In Nordrhein-Westfalen haben die Ermittler in Münster ein Pädophilen-Netz entdeckt und bundesweit elf Verdächtige festgenommen. Sieben der Beschuldigten sitzen in Untersuchungshaft. Darunter ist auch die Mutter des Hauptbeschuldigten, die als Erzieherin in einem Kindergarten gearbeitet hat. Ihre Gartenlaube in Münster gilt als Haupttatort. Die Opfer waren drei Jungen im Alter von fünf, zehn und zwölf Jahren.

Schauspieler Jan Josef Liefers (55), der Star im Fernseh-„Tatort“ aus Münster, würdigte auf Instagram die Arbeit der Beamten. „11 Festnahmen, 7 Haftbefehle - Großer Dank“, schrieb der. Den Ermittlern, „die sich durch Terabytes übelster Kinderpornografie arbeiten müssen“, bekundete er Respekt und Mitgefühl.

Nordrhein-Westfalen war zuletzt mehrmals von schweren Fällen sexuellen Kindesmissbrauchs erschüttert worden. So hatten mehrere Männer auf einem Campingplatz in Lügde über 30 Kinder jahrelang vergewaltigt. Seit Monaten ermitteln Beamte zudem in einem bundesweiten Missbrauchskomplex, der in Bergisch Gladbach seinen Anfang nahm.

GdP-Landesvize Maatz kritisierte, dass die Ermittlungsarbeit durch Datenschutzregeln behindert werde. Es könne Jahre dauern, bis das Beweismaterial gesammelt sei.

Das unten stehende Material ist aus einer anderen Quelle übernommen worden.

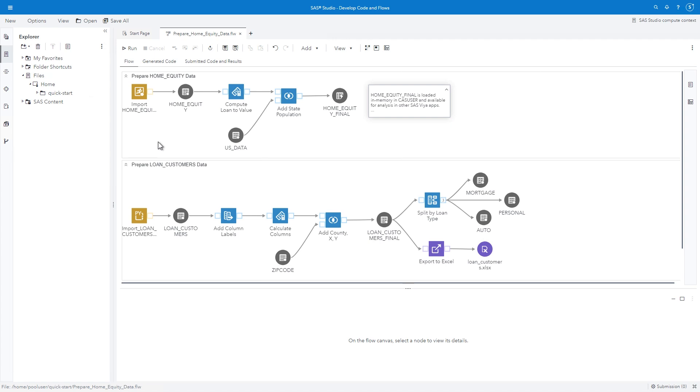In the Build Flows with SAS Studio demonstration, you saw how steps could be assembled into a flow to orchestrate a series of actions to prepare and analyze data.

Dann seien aber die Verbindungsdaten längst gelöscht, und die Computer-Adressen ließen sich kaum noch den weltweit agierenden Tätern zuordnen. „Wenn wir verhindern wollen, dass die Verbreitung von Kinderpornografie über das Internet straffrei bleibt, müssen wir die Telekommunikationsunternehmen verpflichten, die Verbindungsdaten ihrer Kunden wieder zu speichern und den Ermittlungsbehörden zur Verfügung zu stellen.“

Vorratsdatenspeicherung könnte die Verfolgung der Spuren erleichtern

Der innenpolitische Sprecher der Unionsfraktion im Bundestag, Mathias Middelberg (CDU), sagte laut einem „Bild“-Bericht, die Vorratsdatenspeicherung könne die Verfolgung von Spuren deutlich erleichtern. „Wir brauchen jetzt wirklich die Vorratsdatenspeicherung. (...) Datenschutz darf nicht zum Täterschutz werden!“ Auch andere Innenpolitiker der Großen Koalition forderten „Bild“ zufolge Verschärfungen bei Verfolgung und Prävention.

Nach Ansicht der Kinderschutzorganisation Innocence in Danger haben digitale Medien und Internet die Dimension von Missbrauch „gigantisch verschlimmert“. „Es macht es einfacher für die Täter, sich zu organisieren und Missbrauchsdarstellungen auszutauschen“, sagte Julia von Weiler, die Geschäftsführerin der Bewegung gegen Kindesmissbrauch, der Deutschen Presse-Agentur. Im Missbrauchsfall von Münster hatten die Ermittler eine sehr große Menge an Daten vorgefunden, die noch lange nicht entschlüsselt sind.

Der Bundesbeauftragte für Fragen des sexuellen Kindesmissbrauchs, Johannes-Wilhelm Rörig, mahnte mehr Wachsamkeit an. „Die betroffenen Kinder haben ein soziales Umfeld. Sie haben Nachbarn, gehen in Kitas, Schulen oder Sportvereine. Es kann nicht sein, dass nie jemand etwas bemerkt haben will“, sagte Rörig der „Neuen Osnabrücker Zeitung“. Neben wirksamen Strafverfolgungsinstrumenten brauche es dringend mehr Anstrengungen „bei Prävention und der breiten Sensibilisierung und Aufklärung unserer Gesellschaft“.